*** Given records ***

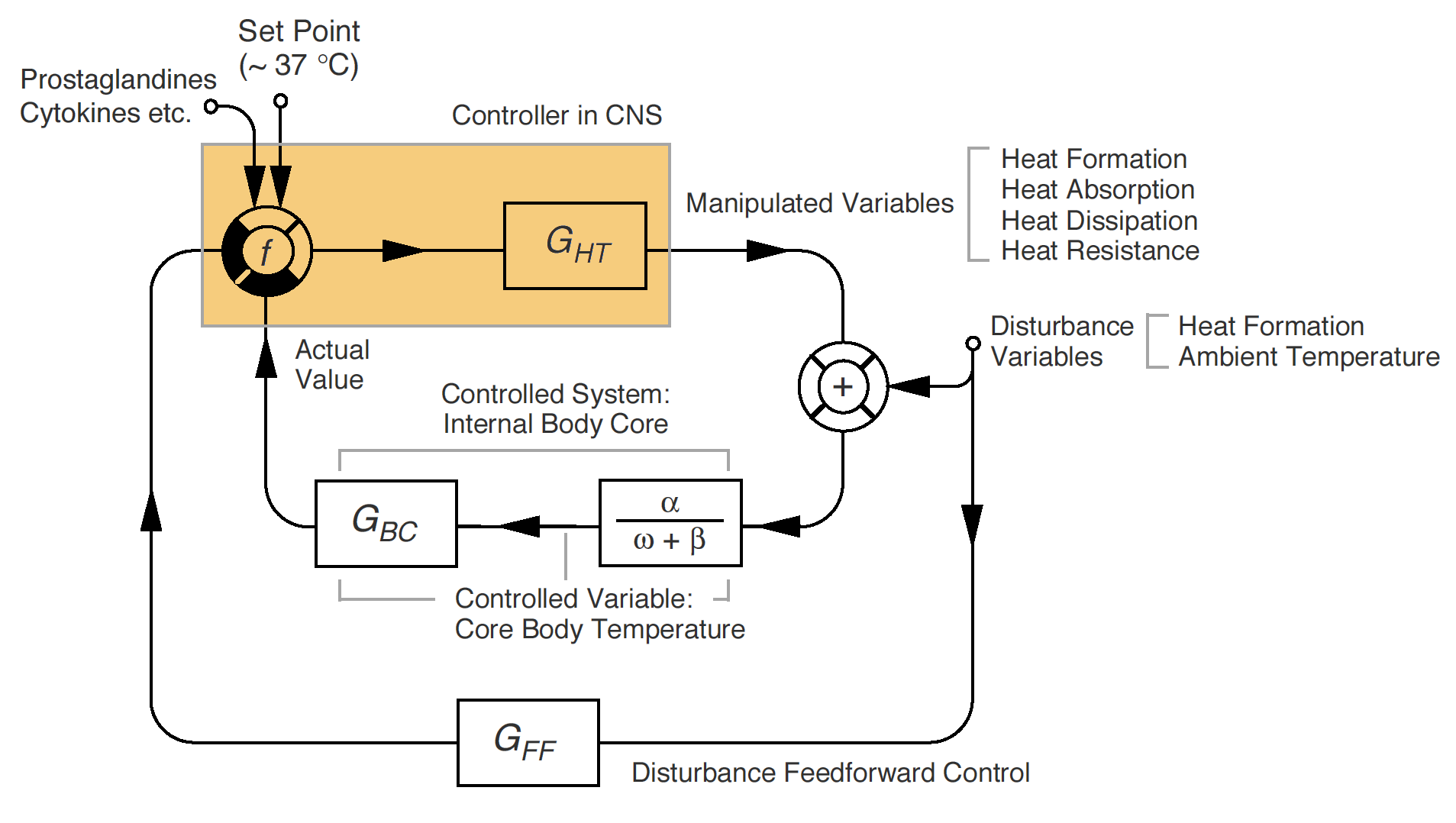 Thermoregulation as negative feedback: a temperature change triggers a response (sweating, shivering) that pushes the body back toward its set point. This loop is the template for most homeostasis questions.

***
*** Given records ***

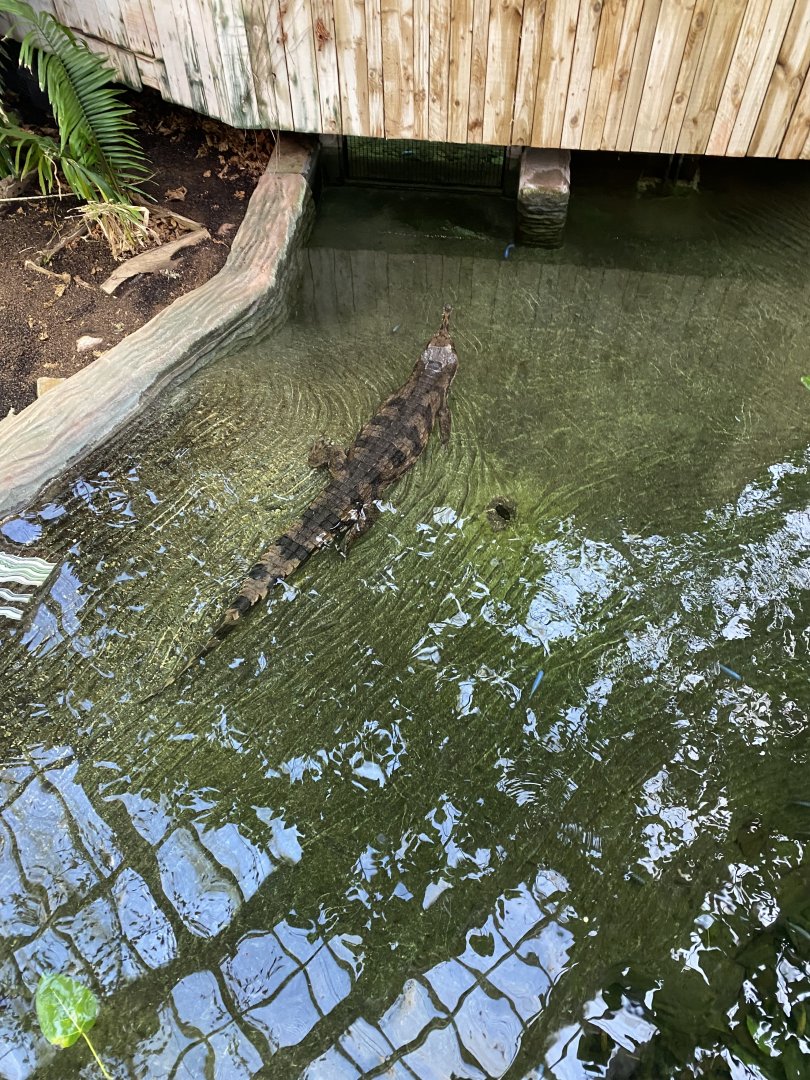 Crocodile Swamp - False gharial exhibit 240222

***
*** Given records ***

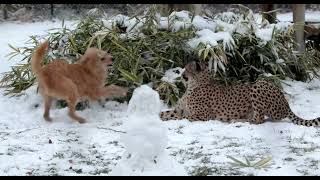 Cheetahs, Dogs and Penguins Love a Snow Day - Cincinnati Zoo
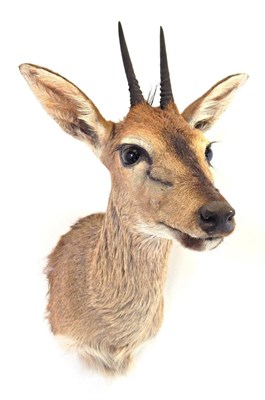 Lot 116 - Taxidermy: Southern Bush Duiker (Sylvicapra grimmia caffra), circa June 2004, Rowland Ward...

***

- Instructions to follow -
Every line above from the one with "Cheetahs, Dogs and" down to the one with "Lot 116 - Taxidermy: Southern" must be written out exactly, and no picture may appear.

- Exercise output -
 Cheetahs, Dogs and Penguins Love a Snow Day - Cincinnati Zoo
 Lot 116 - Taxidermy: Southern Bush Duiker (Sylvicapra grimmia caffra), circa June 2004, Rowland Ward...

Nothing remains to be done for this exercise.